The latest thinking from Greenspring Advisors.

Trying To Beat The Market? Not Much Has Changed

J. Patrick Collins Jr., CFP®, EA

If you’ve been invested in the stock market the last five years, congratulations.  You’ve made the most important investment decision…how to allocate your assets (hopefully you’ve had a healthy percentage in stocks).  That decision is by far the most influential decision on portfolio performance, so getting the allocation mix right is paramount.  One of the next decisions you need to make is how to invest in each portfolio asset class (stocks, bonds, etc).  It can be done by purchasing individual securities or through mutual funds.  If you are like millions of other Americans, mutual funds tend to be the product of choice.  It allows you instant diversification without much capital or labor of buying hundreds of securities.  

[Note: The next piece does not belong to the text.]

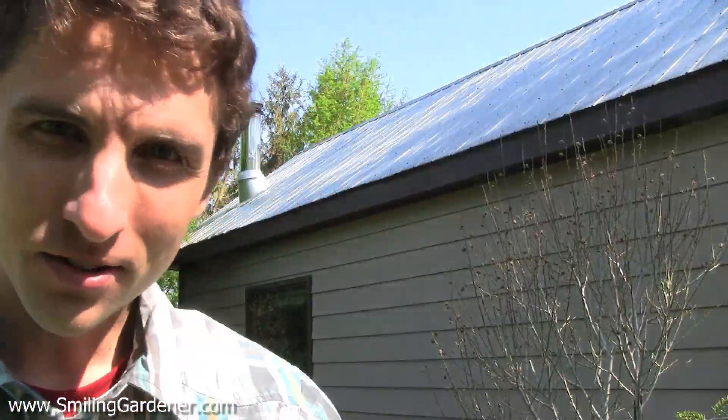Hey guys, it's Phil from SmilingGardener.com. If you haven't picked up my free online organic gardening course, you can do that right on the homepage of SmilingGardener.com. Today I'm talking about soil inoculants.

One of the key questions for purchasing funds is whether you should buy a fund that tries to beat the market or one that matches the market.  The majority of investors today are still trying to beat the market.  We think this is foolish since the evidence is so overwhelming.  Standard and Poors came out with their semi annual research piece on this topic.  The results seemed pretty conclusive to us:

SPIVA Mid-Year 2014 Scorecard

Over the last 5 years, we see that in almost every category, 80-90% of all funds fail to outperform their benchmark.  The costs associated with trying to outperform an index eventually catch up with these managers, making it difficult to experience sustained outperformance.  We have been beating this drum for 10 years (since the inception of our firm) and will continue to do so, as we believe it is a story investors need to hear.